During the Sept. 27 City Commission meeting, city leaders authorized a contract with a consulting engineering firm called Cribb Phillbeck Weaver Group for a not-to-exceed amount of nearly $1.49 million.
The firm will be tasked with preparing detailed, technical designs for the Dillard Street Reconstruction Project that abide by the Florida Department of Transportation’s policies and align with the conceptual design provided by the city’s design contractor for the project, Toole Design Group.
During the meeting, Toole Design Group presented city leaders with the finished conceptual designs for Dillard Street Reconstruction Project, which focuses on the mile-long stretch of road from Plant Street to West Colonial Drive.
The concept design envisions an environmentally, bicyclist- and pedestrian-friendly three-lane corridor for the future Dillard Street intended to encourage slower speeds, said Ian Lockwood, a Liveable Transportation Engineer with Toole Design Group.
Lockwood emphasized his firm has done everything it could to incorporate the requests of the community as expressed in prior community workshops. According to Lockwood, community input revealed a desire for a beautiful roadway with slower speeds that was easy for pedestrians and bicyclists to cross, but also attracted investment and included a connection to the West Orange Bike Trail and shade-providing trees.
“Right now, (Dillard Street) is a somewhat hostile, fast and dangerous street, so we’re trying to make it a friendly, green, multi-modal street that would be attractive to most people,” Lockwood said. “And we completed the original concept for that, which has been enjoying a lot of community support. Our job now is to help oversee the detailed engineering so that the intent makes it all the way through to construction and nothing gets lost in translation.”
According to the conceptual design, the future Dillard Street may include three roundabouts located at Plant Street, Smith Street and Story Road. It also would be constructed with permeable porous asphalt, which allows stormwater to get down to the water cable and reduces flooding in lakes and retention ponds, Lockwood said.
The design firm also proposed the addition of a dedicated two-way bike trail that connects to the West Orange Trail and about a dozen pedestrian crosswalks.
Lockwood said the three proposed roundabouts are preferable to signalized intersections if the goal is safety and aesthetics, because they have been shown to reduce traffic crashes and encourage slower speeds.
“Signals actually encourage people to either speed up before the light turns red or stop completely, and you get rear-end crashes,” he said. “And what roundabouts do is they create a slow and steady speed profile. Most of the time, nobody would ever have to stop at those roundabouts — unless there’s a pedestrian there or you have to wait for someone already in the roundabout. So it keeps traffic flowing but at a safe speed.”

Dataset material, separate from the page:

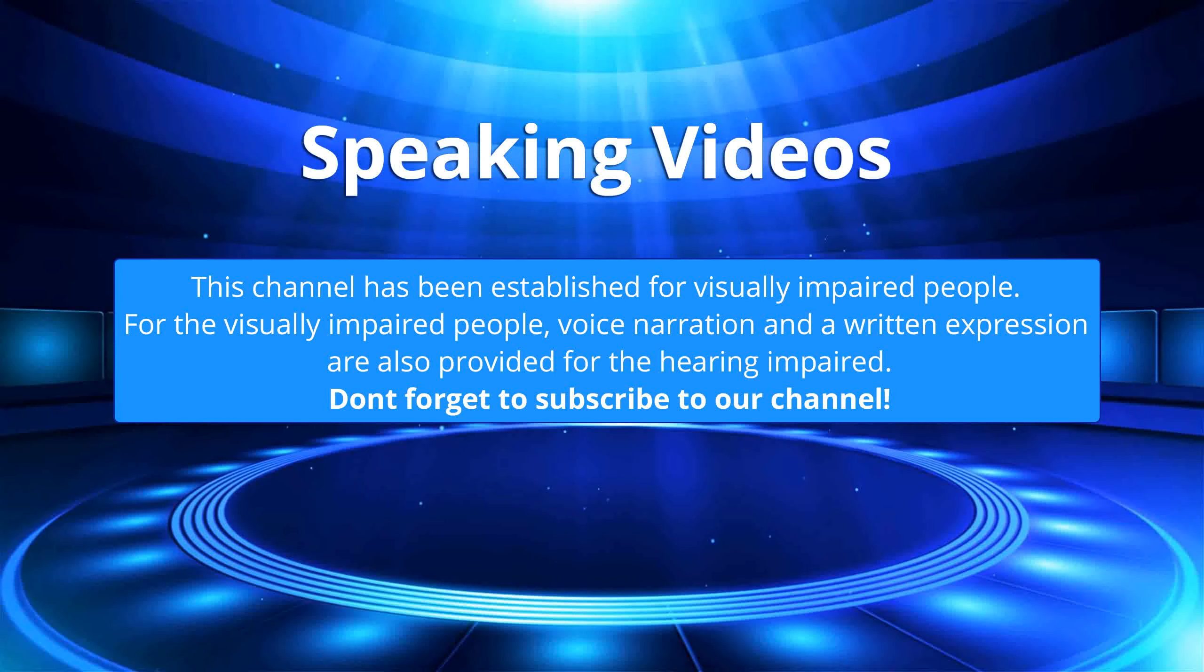This channel has been established for visually impaired people. For the visually impaired people, voice narration and written expression are also provided for the hearing impaired. Don't forget to subscribe to our channel.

Dillard also might become a three-lane roadway, with one northbound and one southbound, plus turn lanes, he said. Given the low volume of daily traffic the road receives, Lockwood’s firm does not see a need for more lanes. They believe the widening of the road years ago was a mistake, he said.
“The intersection at 50 — where the street’s the busiest — only has a double left-turn lane coming into it from the west, a single right-hand turn from the east, and a single through lane from the south,” he said. “And those lanes only get green time for a small portion of the traffic signal, so no matter how hard you try, you can never deliver more than one lane for the traffic through Dillard Street. You can’t get more traffic than the signal can deliver. ... So there’s no way you can get more than one lane’s worth of traffic.”